Despite these limitations, LangVec offers a unique and valuable approach to mapping high-dimensional vectors to human-readable representations. One of its main applications is in constructing hash-like representations for dense vectors in semantic search systems that use techniques like FAISS \({ }^{4}\) clusters via K-Nearest Neighbors (KNN) (Johnson et al. 2019), providing an effective and easy-to-use alternative to traditional hashing methods (Indyk & Motwani 1998; Gionis et al. 1999). LangVec’s locality-aware and change-tolerant property makes it particularly useful in search systems, where minor variations in the input vectors should not dramatically alter the search results.

Furthermore, in the context of model debugging and interpretation, the library can be used to find the internal representations and decision-making stages of complex machine learning models (Montavon 2019). By mapping intermediate embedding values to lexical representations, developers and researchers can gain insights into the distribution and nature of the data, facilitating model debugging, optimization, and explanatory analysis.

6. Conclusion

This paper introduced LangVec, an approach and open-source implementation that maps high-dimensional numerical vectors to human-readable lexical representations. By leveraging a percentile-based mapping approach, our method reduces the distance between machine learning models and human understanding, enabling intuitive interpretation and communication of vector-based data and model outputs.

The main contributions of the proposed technique are:

A novel approach for mapping dense numerical vectors to interpretable lexical representations or hash-like strings, using fitting methods to learn underlying data distribution.

An implementation, benchmark, and case study of this approach available for use by the community.

We highlighted several main applications of LangVec, including semantic search and recommendation systems, deduplication, data exploration and clustering, model interpretation and debugging, and human-in-the-loop learning. These examples demonstrate the potential for LangVec to enhance interpretability and help build various types of applications using embeddings.

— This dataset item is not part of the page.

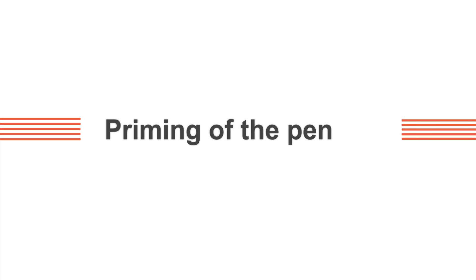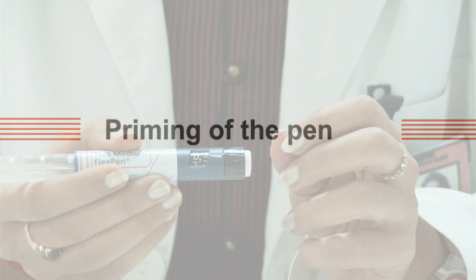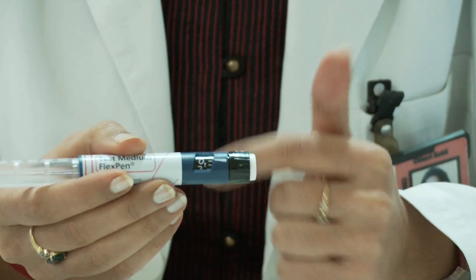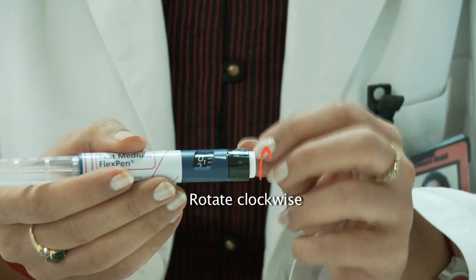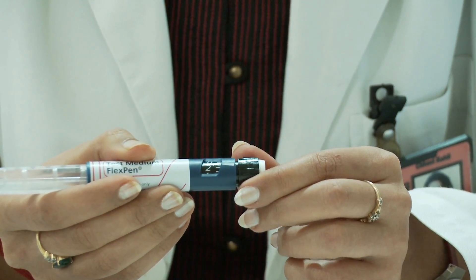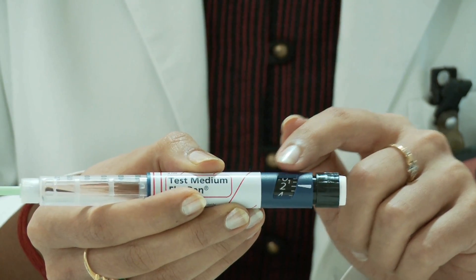Priming of the pen. Priming the pen is important before we start using the pen. For priming it, set the dose to two units by rotating the dose dialer in the clockwise direction. Make sure that the dose is in a straight line with the white arrow.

We also discussed the utility of the library in constructing meaningful hashlike strings for semantic search systems (Johnson et al. 2019; Ahmadian et al. 2022) and its role as a location-aware dimensionality reduction technique, particularly useful in hybrid vector representations (Turner et al. 2021), but also when indexes are reshuffled in indexing strategies like using FAISS.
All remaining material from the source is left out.